E f316K • Masterworks of Literature: British
2:30 PM-4:00 PM
What is the role of tradition in British Literature, how does it operate to both generate and resist creative change, how does it shape the meanings of particular literary works, and in what sense can we say that some works exist outside the tradition? It is something of a paradox that writers develop their authorial identity by revisiting the works of their predecessors: the tradition authorizes the very attempt to alter it. Thus, as T. S. Eliot observed, the masterworks of literature collectively form an ideal order that must nevertheless become changed through the addition of new individual talent. Or as another great Modern anglophile, Jorge Luis Borges, put it: every writer creates his own precursors. This survey course views British literary tradition as, not a fixed chain of monuments, but a negative feedback loop in which a handful of enduring themes and ideas are reworked and transformed.
A. Four 3-page essays. I will allow one rewrite, which, however, must be substantial in order to count.
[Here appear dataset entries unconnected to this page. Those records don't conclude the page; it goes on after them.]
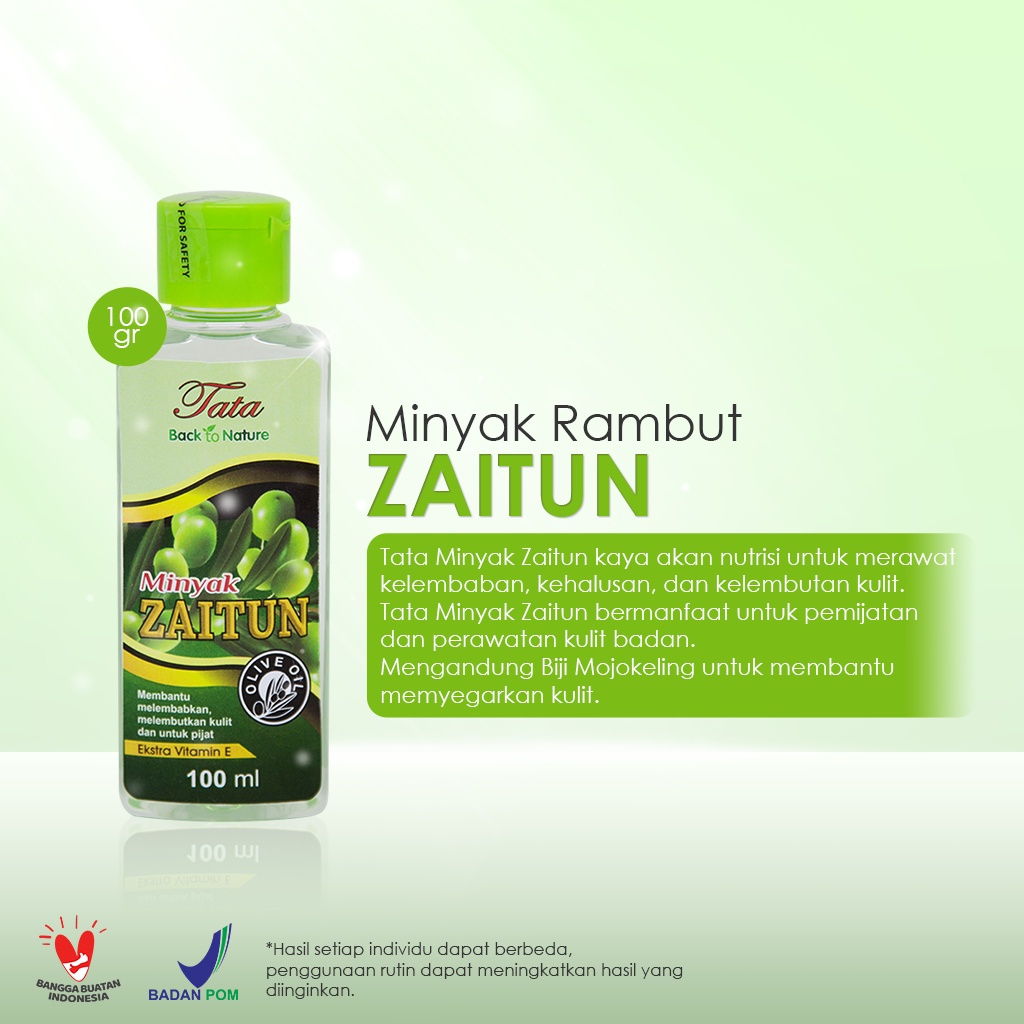 tata zaitun massage oil / minyak zaitun vitamin e bpom 100ml tata zaitun massage oil / minyak zaitun vitamin e bpom 100ml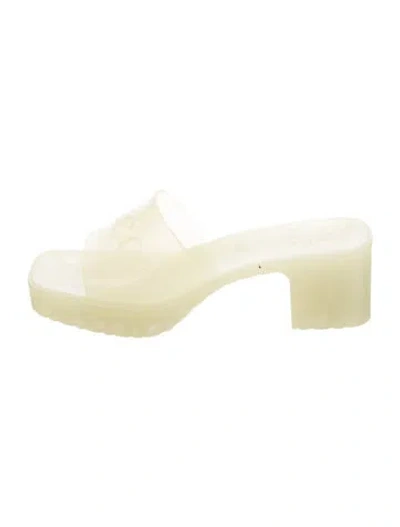 Pre-owned Gucci Rubber Slides In Neutrals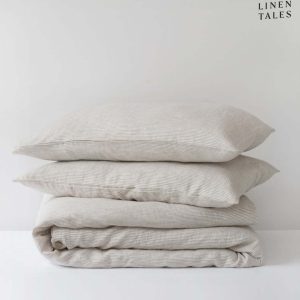 Bílobéžové prodloužené lněné povlečení na dvoulůžko 200x220 cm – Linen Tales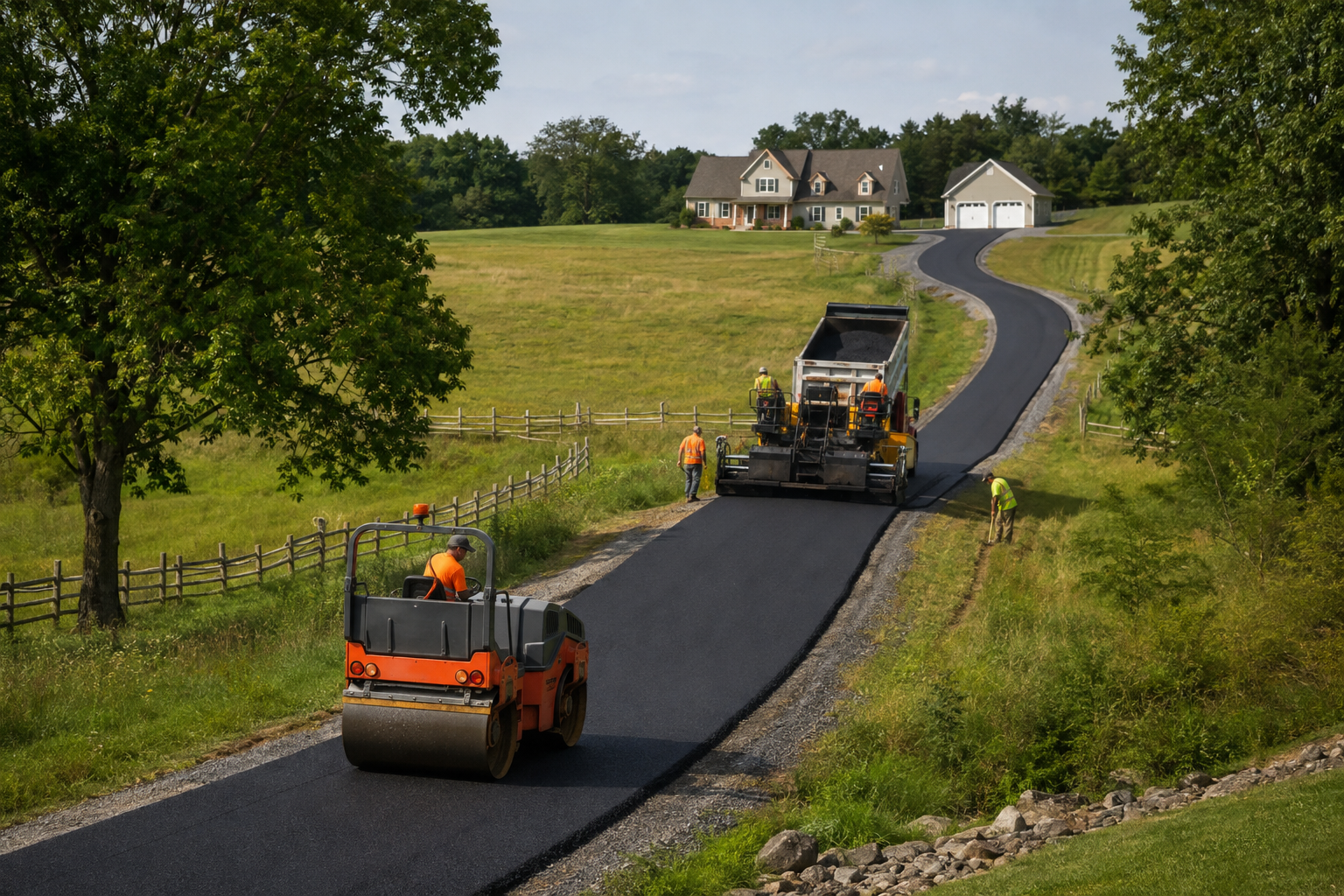 Long asphalt driveway installation in Coopersburg, PA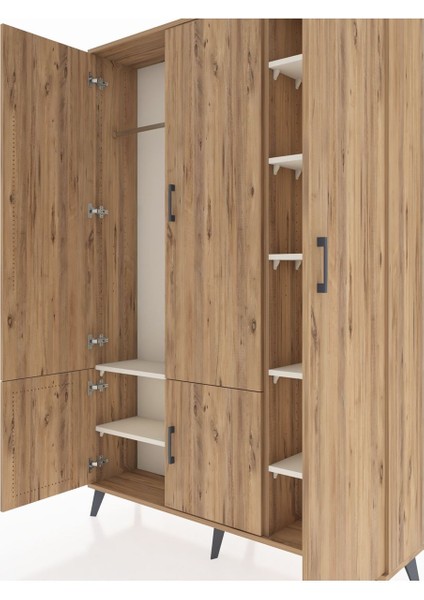 Arges Dolap 7 Raflı 5 Kapaklı Tek Askılı 132X30X195 Çam-Çam/aytaşı fırsatları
You may not rewrite the last essay.
B. The University requires you to attend all classes. Ill permit three absences. If you do miss a class, you are responsible for finding out what went on that day, for getting hold of somebody elses in-class notes, etc.
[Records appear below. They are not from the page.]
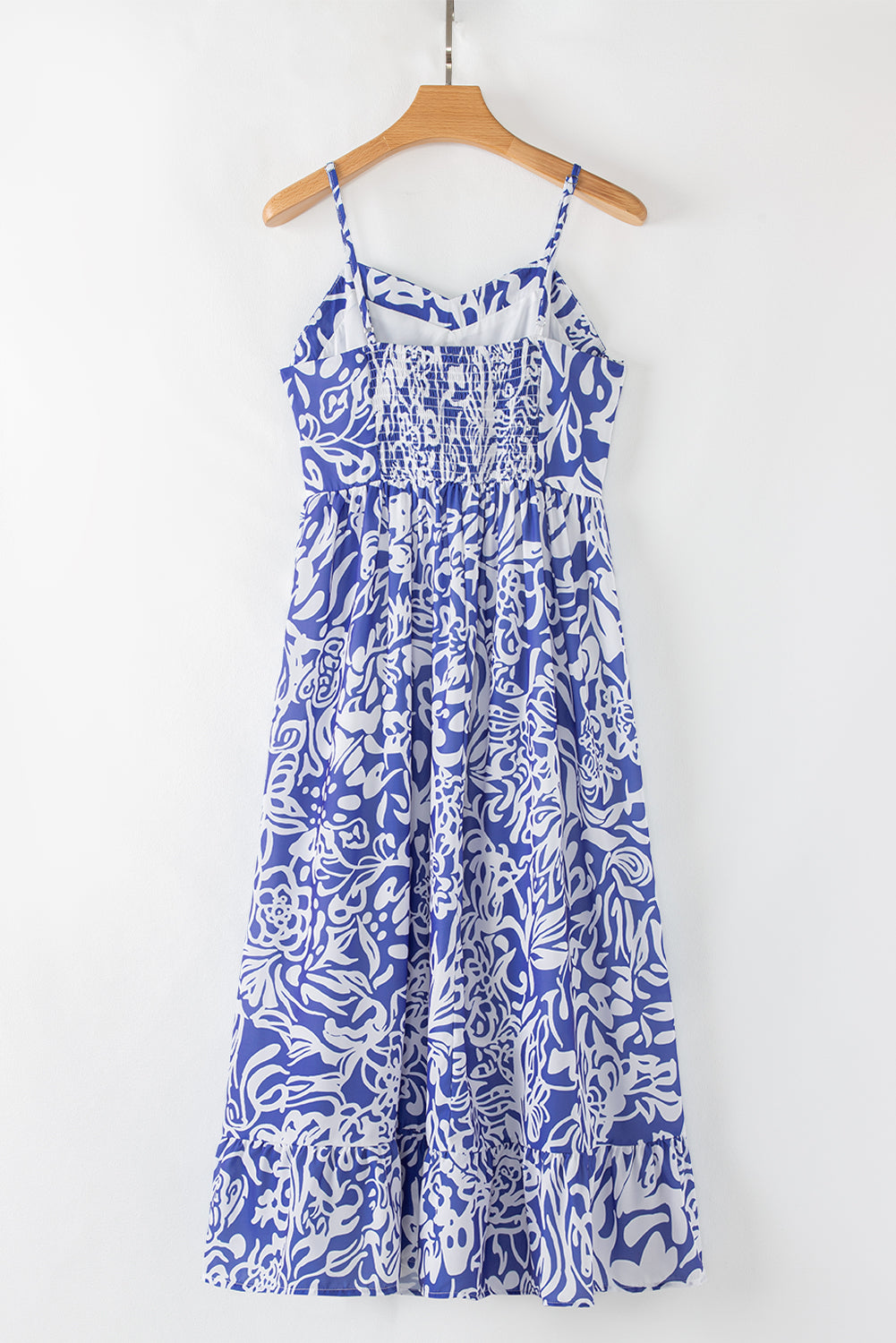 Sky Blue Floral Print Spaghetti Strap High Waist Maxi Dress-Dresses/Floral Dresses-[Adult]-[Female]-2022 Online Blue Zone Planet
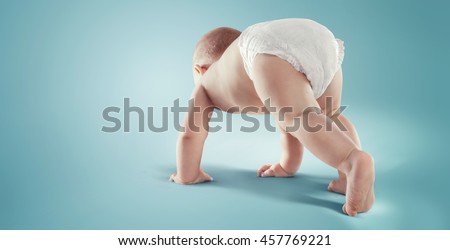 Baby. Newborn in the diaper. Isolated Royalty-Free Stock Photo #457769221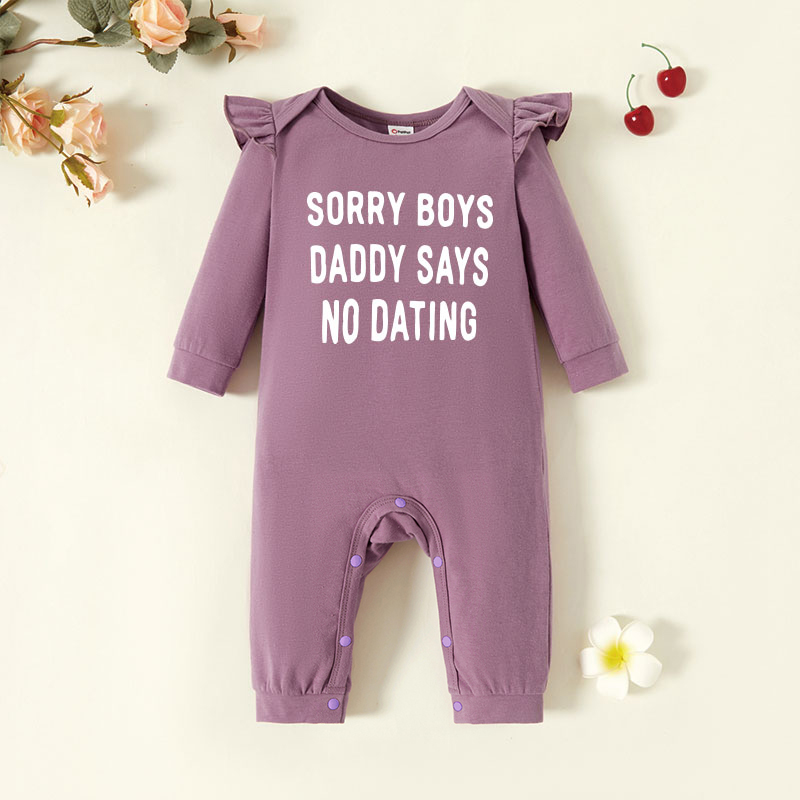 

Baby Girl Graphic Letter Print Ruffled Long-sleeve Jumpsuit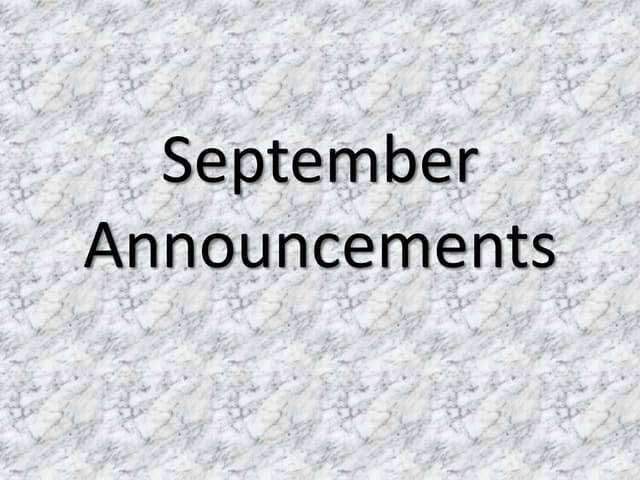 September 2012 announcements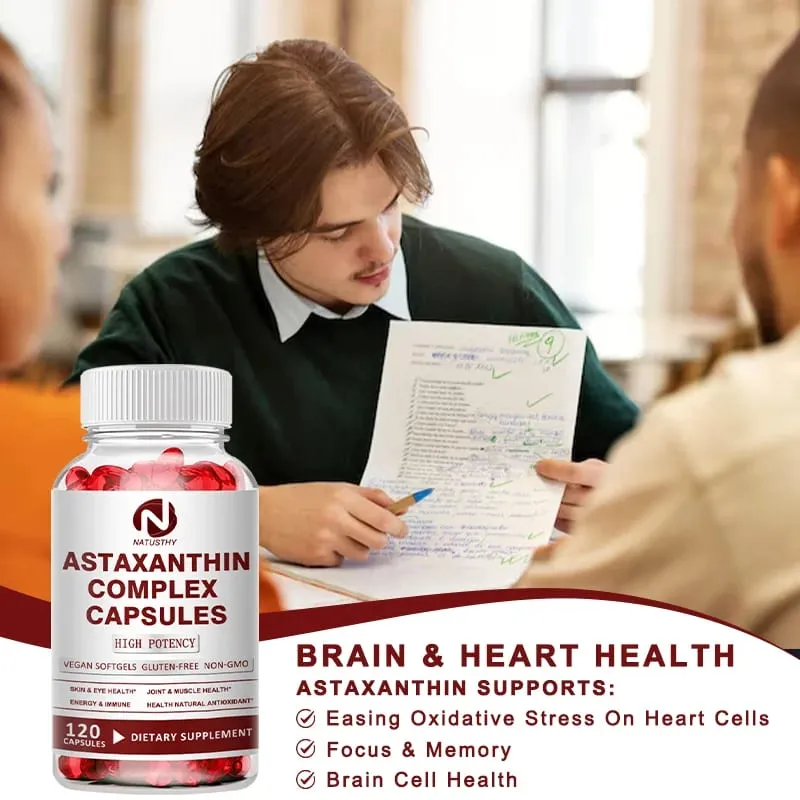 Astaxanthin Complex Capsules 12mg for Brain Heart Joint Bone Eye Skin Immune System Health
C. It is paramount that you do the assigned reading on time.
Four essays 22% each: 88%
Contribution to class discussion 12%
Should you choose to rewrite one of your essays, your grade on the rewrite simply substitutes for your previous grade and counts as the final grade
Major works to be examined include:
Norton Anthology of English Literature, 6th ed. (Norton)
Shakespeare, The Tempest
Milton, Paradise Lost
Coleridge, Rime of the Ancient Mariner
Mary Shelley, Frankenstein
Conrad, Heart of Darkness
Note: those last two novels notwithstanding, this course involves extensive reading and analysis of poetry.